(The data)
+===+

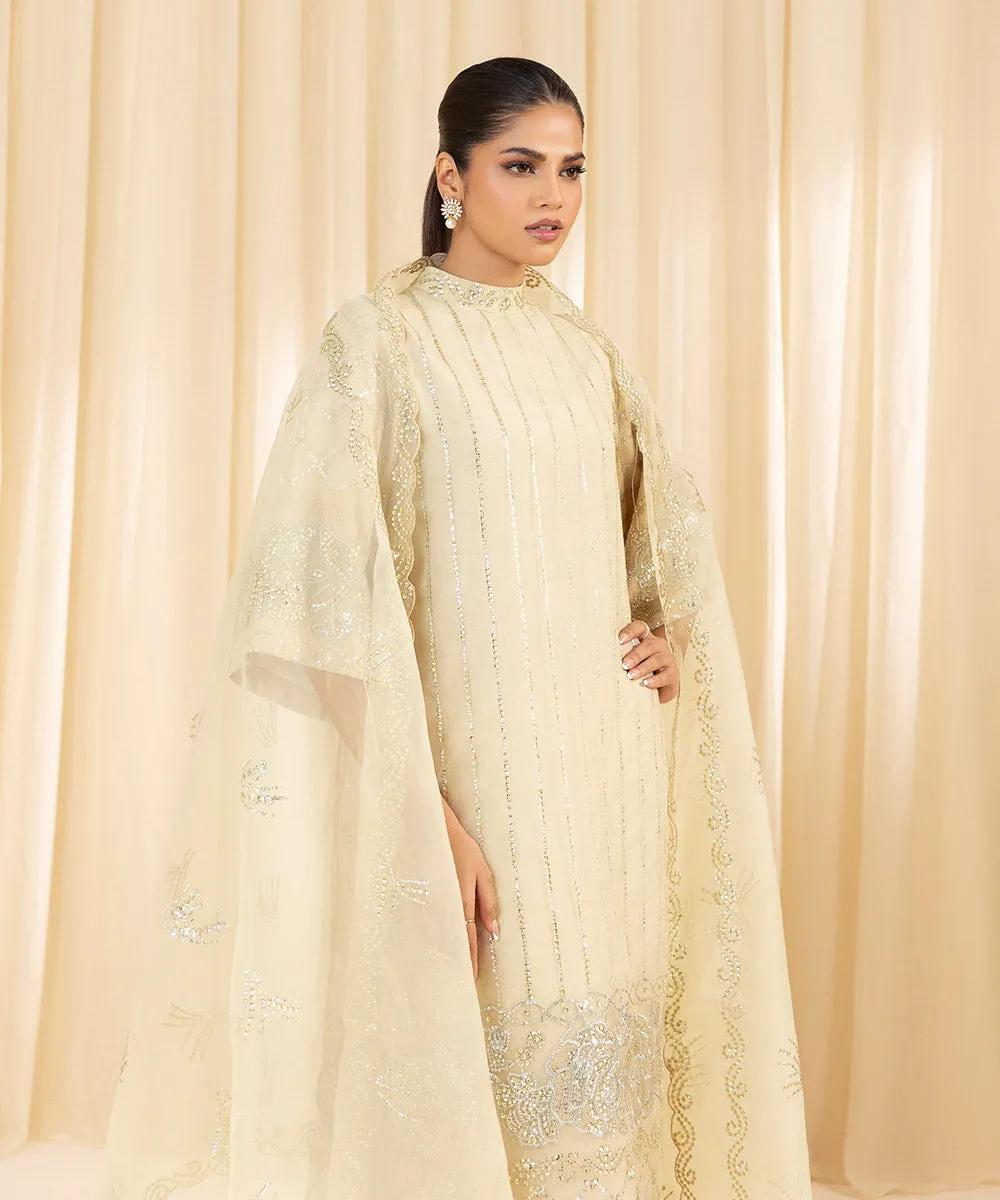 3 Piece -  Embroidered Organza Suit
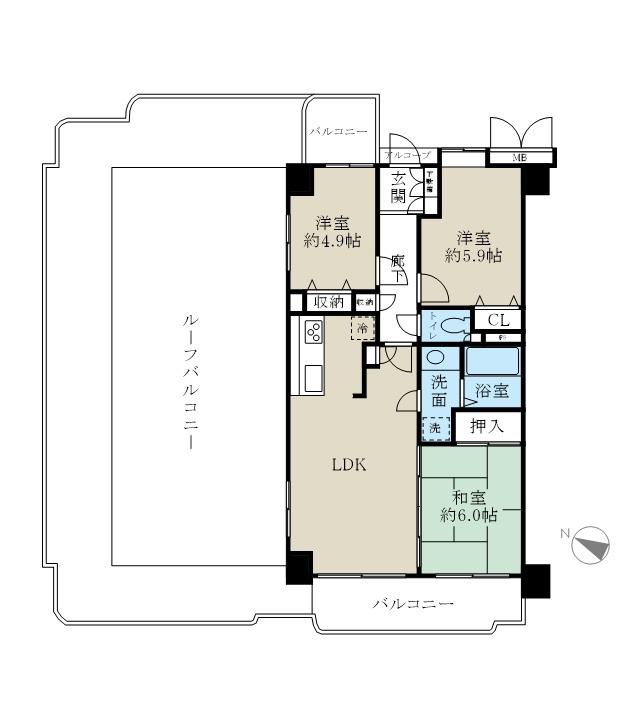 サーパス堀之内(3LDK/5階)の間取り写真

+===+

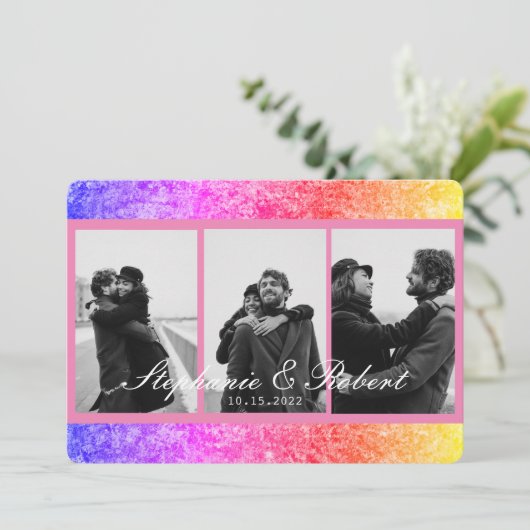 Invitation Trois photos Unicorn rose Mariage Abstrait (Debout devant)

+===+

(Directions for this task)
Output exactly the stretch of the listing that begins at the line containing "Embroidered Organza Suit" and ends at the line containing "サーパス堀之内(3LDK/5階)の間取り写真", both kept. Omit pictures and everything else.

(Task result)
 3 Piece -  Embroidered Organza Suit
 サーパス堀之内(3LDK/5階)の間取り写真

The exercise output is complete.